Historische Reisen:Universell gebildet, interessiert und unerschrocken

Georg Wilhelm Stöller, geboren am 10. März 1709, im fränkischen Windsheim als viertes Kind von Johann Jakob und Loysa Susanna Stöller, gestorben am 23. November 1746 in Tjumen, war ein Einserschüler. Er besuchte das Windsheimer Gymnasium und studierte zunächst Theologie in Wittenberg, dann Medizin in Leipzig, Jena und Halle. Nebenher besuchte er in Halle Botanikvorlesungen.

1734 legte er sein Medizin-Examen in Berlin ab. Noch im gleichen Jahr ging er nach Russland, da er in der Heimat keine Aussicht auf eine Anstellung hatte. Die Reise finanzierte sich er als Wundchirurg im russischen Heer. Auf einem Lazarettschiff kam er 1734 in St. Petersburg an. Dort war bereits eine Schar westeuropäischer Gelehrter an der 1725 von Zar Peter dem Großen gegründeten Akademie der Wissenschaften versammelt. Von da an nannte er sich Steller, dies war leichter ins Russische zu transkribieren. Er wurde Hausarzt von Erzbischof Feofan, der ihm eine Anstellung an der Akademie als "Adjunkt" der Naturgeschichte vermittelte und heiratete Brigitta Helena Messerschmidt, die Witwe von Daniel Gottlieb Messerschmidt, dem ersten deutschen Naturforscher in Russland. Mit seiner Frau machte er sich auf den Weg nach Sibirien, um sich dort der "Großen Nordischen Expedition" (1733 bis 1743) anzuschließen.
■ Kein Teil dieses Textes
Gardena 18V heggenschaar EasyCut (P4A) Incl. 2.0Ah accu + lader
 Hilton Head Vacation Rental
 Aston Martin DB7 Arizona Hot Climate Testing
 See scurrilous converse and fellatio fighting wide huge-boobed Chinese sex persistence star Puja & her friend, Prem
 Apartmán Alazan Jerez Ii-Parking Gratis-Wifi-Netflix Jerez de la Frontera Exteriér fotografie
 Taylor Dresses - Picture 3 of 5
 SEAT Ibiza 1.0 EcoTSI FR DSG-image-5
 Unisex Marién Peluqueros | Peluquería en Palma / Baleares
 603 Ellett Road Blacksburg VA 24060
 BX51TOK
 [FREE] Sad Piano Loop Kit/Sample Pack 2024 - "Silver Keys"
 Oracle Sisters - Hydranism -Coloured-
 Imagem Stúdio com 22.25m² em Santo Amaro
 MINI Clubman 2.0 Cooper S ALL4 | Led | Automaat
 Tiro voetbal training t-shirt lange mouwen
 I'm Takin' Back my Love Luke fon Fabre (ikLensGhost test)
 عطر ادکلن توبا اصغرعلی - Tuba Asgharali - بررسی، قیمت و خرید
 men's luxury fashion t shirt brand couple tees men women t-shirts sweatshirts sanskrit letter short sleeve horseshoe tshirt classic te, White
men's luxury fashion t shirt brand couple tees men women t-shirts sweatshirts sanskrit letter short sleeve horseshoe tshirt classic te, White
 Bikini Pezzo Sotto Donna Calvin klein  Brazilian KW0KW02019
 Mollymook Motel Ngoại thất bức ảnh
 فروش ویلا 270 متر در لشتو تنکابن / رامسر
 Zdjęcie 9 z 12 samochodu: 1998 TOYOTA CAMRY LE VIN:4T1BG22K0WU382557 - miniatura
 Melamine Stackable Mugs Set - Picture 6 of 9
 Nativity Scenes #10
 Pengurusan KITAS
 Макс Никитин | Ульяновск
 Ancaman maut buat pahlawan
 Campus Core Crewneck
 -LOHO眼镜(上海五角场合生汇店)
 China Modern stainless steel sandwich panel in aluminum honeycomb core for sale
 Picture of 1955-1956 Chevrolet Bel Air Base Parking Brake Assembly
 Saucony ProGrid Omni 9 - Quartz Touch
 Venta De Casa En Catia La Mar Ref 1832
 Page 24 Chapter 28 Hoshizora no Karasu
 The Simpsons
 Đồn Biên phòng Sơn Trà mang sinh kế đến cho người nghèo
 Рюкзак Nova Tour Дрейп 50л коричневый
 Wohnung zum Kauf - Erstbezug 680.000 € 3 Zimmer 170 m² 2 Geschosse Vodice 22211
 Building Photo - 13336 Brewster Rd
Doch sein romantisches Leben blieb unerfüllt: Schon in Moskau stieg seine lebenslustige Frau aus, sie zog es vor, in der Zivilisation zu bleiben. Später schrieb er, dass er seine Frau vergessen und sich stattdessen in die Natur verliebt habe. Das passte besser zu diesem rastlosen Wissenschaftler: Er machte Feldforschungen, legte auf seinen Reisen durch Sibirien und Kamtschatka Herbarien und Mineraliensammlungen an, betrieb ethnologische Studien, bestimmte Tiere und Pflanzen bereits nach der Linnéschen Taxonomie. In seinem Manuskript "Flora Irkutiensis" listete er 1152 Pflanzennamen auf. Steller legte auf seinen Forschungsreisen mehr als 20 000 Kilometer zurück.

Sein Andenken pflegt heute unter anderem die Steller-Gesellschaft in Halle, wo schon zu Stellers Zeiten Russlandkunde betrieben wurde. Der amerikanische Zoologe Leonard Stejneger würdigte ihn als "Pionier der Naturgeschichte Alaskas". Mediziner sehen in Steller einen Vitamin-Vorkämpfer bei der Behandlung von Skorbut - anderthalb Jahrhunderte vor der Entdeckung der Vitamine. Er war bereits ein Wissenschaftler modernen Zuschnitts, universell gebildet und interessiert, genau und unerschrocken. Und er war ein tief gläubiger Humanist - ein Pionier aus Franken.